[Image-text web data]
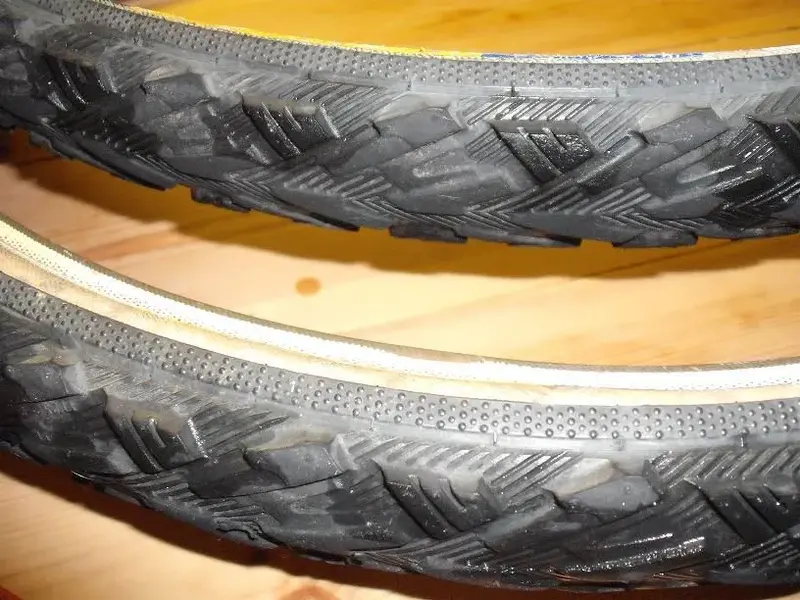DSCF3142Tyres.webp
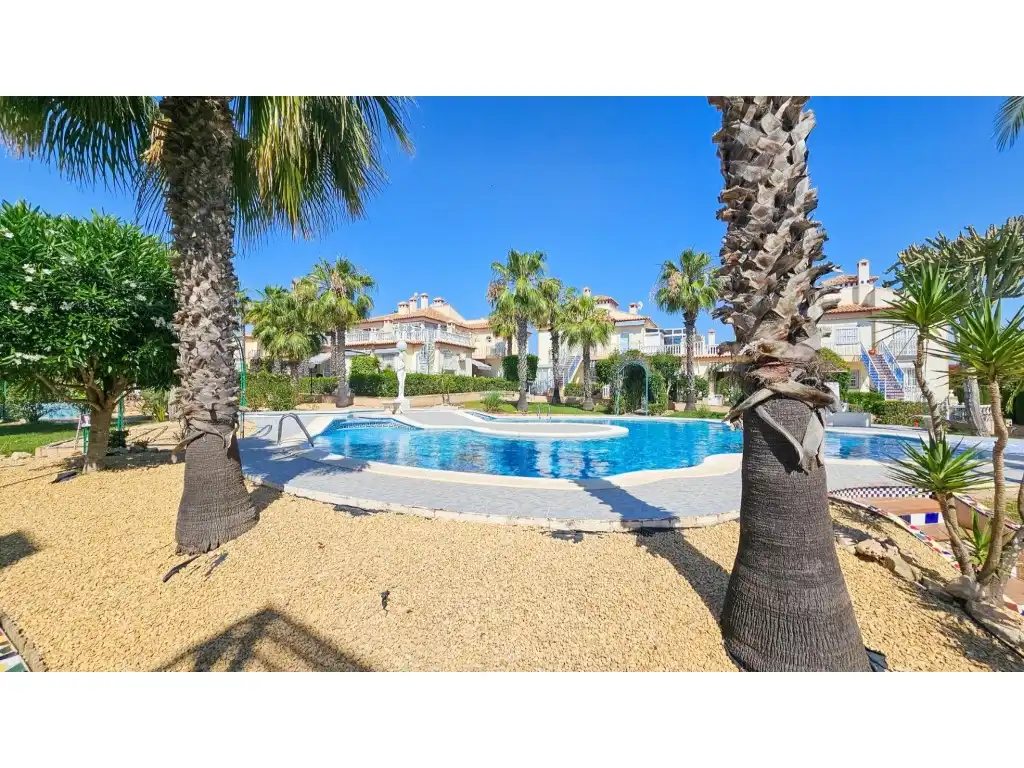 Bungalow with pool for sale in Orihuela Costa, imagen 7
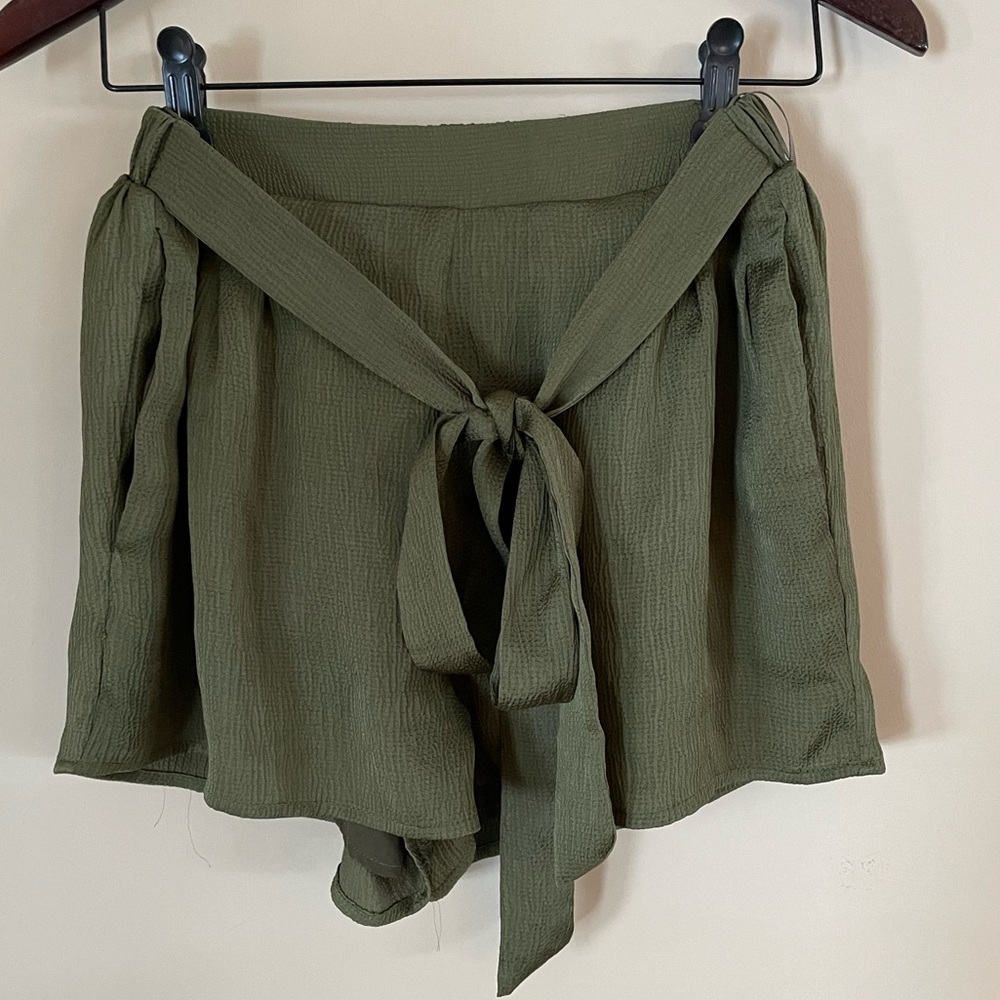 Fancy Green Sash Shorts Size Small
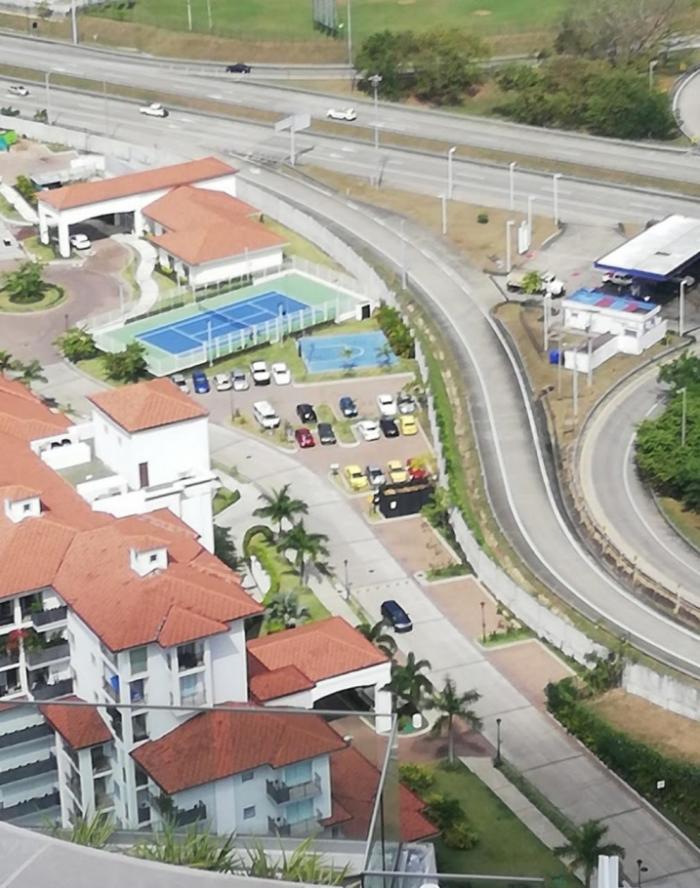 Se alquila apartamento en santa  maria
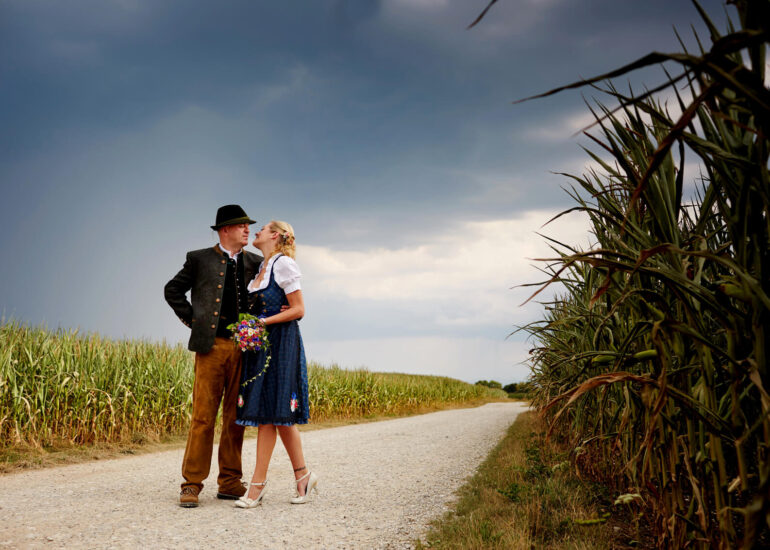natürliche Hochzeitsfotos in Tracht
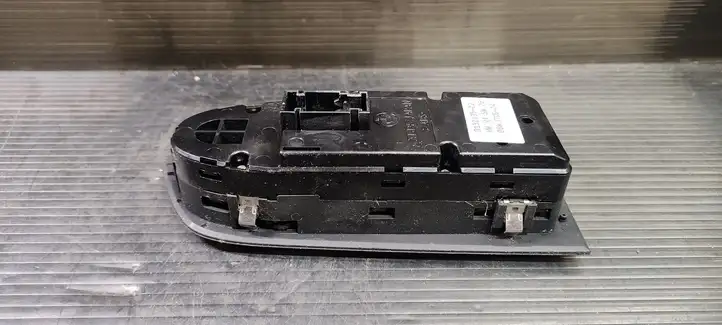 BMW 3 E90 E91 (2005 - 2012) 9132135 Кнопка стеклоподъемников — фото 4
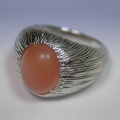 Noble 925 Silver Ring, with an oval Africa Moonstone SZ 6.5     53.5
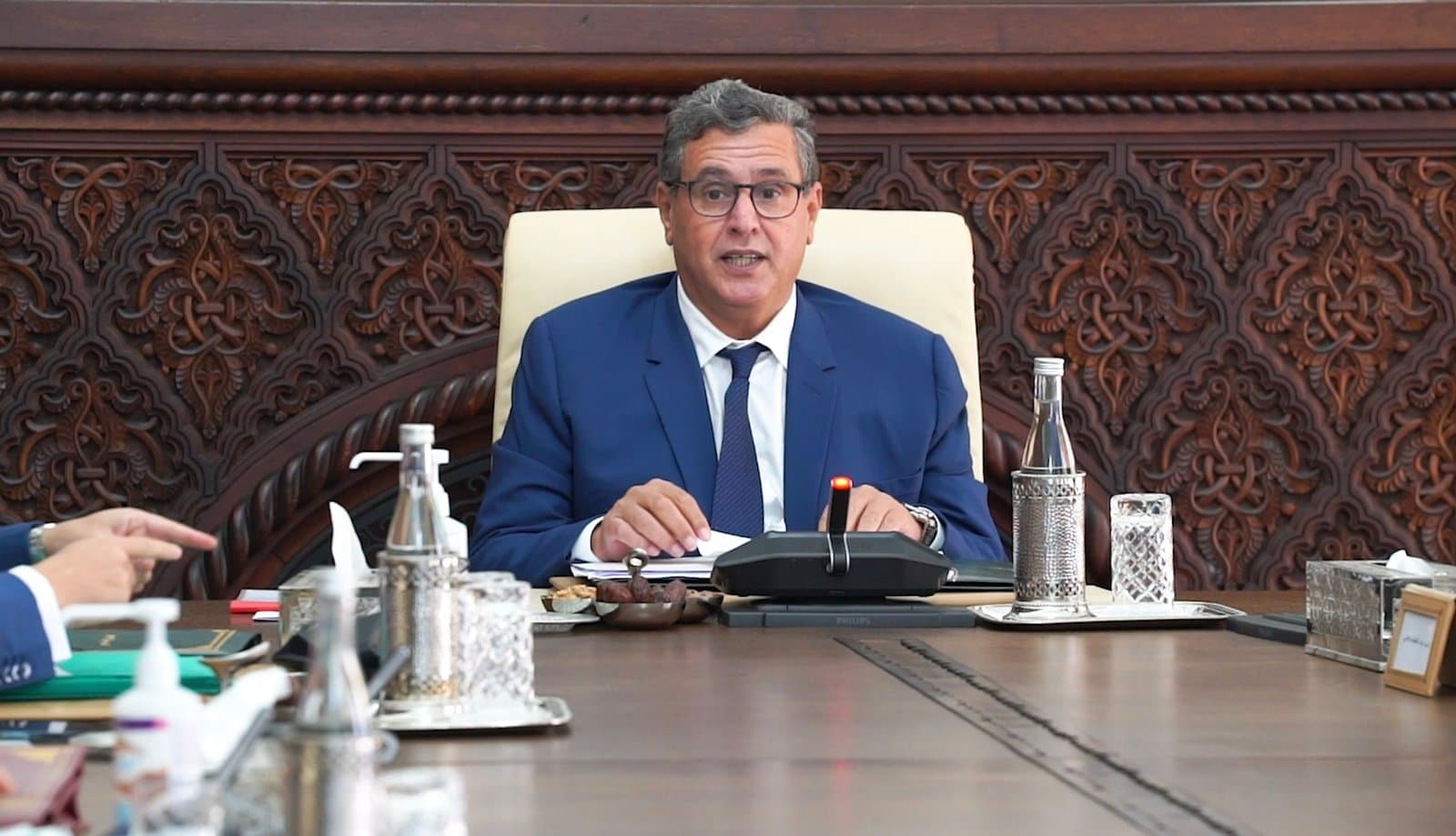 أخنوش يهنئ الملك بمناسبة السنة الجديدة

• **Task details**:
Transcribe the data exactly, minus any images.

• **Solution for this task**:
DSCF3142Tyres.webp
 Bungalow with pool for sale in Orihuela Costa, imagen 7
 Fancy Green Sash Shorts Size Small
 Se alquila apartamento en santa  maria
natürliche Hochzeitsfotos in Tracht
 BMW 3 E90 E91 (2005 - 2012) 9132135 Кнопка стеклоподъемников — фото 4
 Noble 925 Silver Ring, with an oval Africa Moonstone SZ 6.5     53.5
 أخنوش يهنئ الملك بمناسبة السنة الجديدة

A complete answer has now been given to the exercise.